How to calculate RSA's additional private key parameters from P and Q?

Question

When reading an RSA private key blob, which lacks several RSA parameters (DP, DQ, InverseQ, D), how can I calculate these missing parameters from those that are supplied? I've read that it's possible to calculate these from P and Q which are supplied, but I don't know how to calculate them.

When importing this key, I get errors when trying to use the private key claiming the data isn't there (of course P and Q are supplied though).

I need to be able to do this on multiple platforms, so I'm afraid that puts me in the camp of needing to own the actual code to calculate them.

In C#

Answer 1

Here is the C# code that can construct a full set of RSAParameters from P, Q, and the public key data.
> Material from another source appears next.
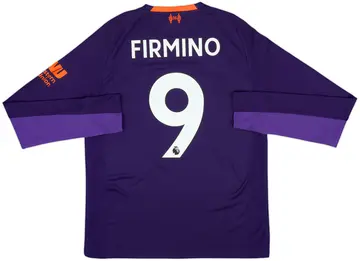 2018-19 Liverpool Away L/S Shirt Firmino #9 - 10/10 - (S)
We assume that the parameters to this method are big-endian (as is RSAParameters).

private static RSAParameters Create(byte[] p, byte[] q, byte[] exponent, byte[] modulus)
{
    var addlParameters = GetFullPrivateParameters(
        p: new BigInteger(CopyAndReverse(p)),
        q: new BigInteger(CopyAndReverse(q)),
        e: new BigInteger(CopyAndReverse(exponent)),
        modulus: new BigInteger(CopyAndReverse(modulus)));

    return new RSAParameters
    {
        P = p,
        Q = q,
        Exponent = exponent,
        Modulus = modulus,
        D = addlParameters.D,
        DP = addlParameters.DP,
        DQ = addlParameters.DQ,
        InverseQ = addlParameters.InverseQ,
    };
}

private static RSAParameters GetFullPrivateParameters(BigInteger p, BigInteger q, BigInteger e, BigInteger modulus)
{
    var n = p * q;
    var phiOfN = n - p - q + 1; // OR: (p - 1) * (q - 1);

    var d = ModInverse(e, phiOfN);
    Assert.Equal(1, (d * e) % phiOfN);

    var dp = d % (p - 1);
    var dq = d % (q - 1);

    var qInv = ModInverse(q, p);
    //Assert.Equal(1, (qInv * q) % p);

    return new RSAParameters
    {
        D = CopyAndReverse(d.ToByteArray()),
        DP = CopyAndReverse(dp.ToByteArray()),
        DQ = CopyAndReverse(dq.ToByteArray()),
        InverseQ = CopyAndReverse(qInv.ToByteArray()),
    };
}


/// <summary>
/// Calculates the modular multiplicative inverse of <paramref name="a"/> modulo <paramref name="m"/>
/// using the extended Euclidean algorithm.
/// </summary>
/// <remarks>
/// This implementation comes from the pseudocode defining the inverse(a, n) function at
/// https://en.wikipedia.org/wiki/Extended_Euclidean_algorithm
/// </remarks>
public static BigInteger ModInverse(BigInteger a, BigInteger n)
{
    BigInteger t = 0, nt = 1, r = n, nr = a;

    if (n < 0)
    {
        n = -n;
    }

    if (a < 0)
    {
        a = n - (-a % n);
    }

    while (nr != 0)
    {
        var quot = r / nr;

        var tmp = nt; nt = t - quot * nt; t = tmp;
        tmp = nr; nr = r - quot * nr; r = tmp;
    }

    if (r > 1) throw new ArgumentException(nameof(a) + " is not convertible.");
    if (t < 0) t = t + n;
    return t;
}

private static byte[] CopyAndReverse(byte[] data)
{
    byte[] reversed = new byte[data.Length];
    Array.Copy(data, 0, reversed, 0, data.Length);
    Array.Reverse(reversed);
    return reversed;
}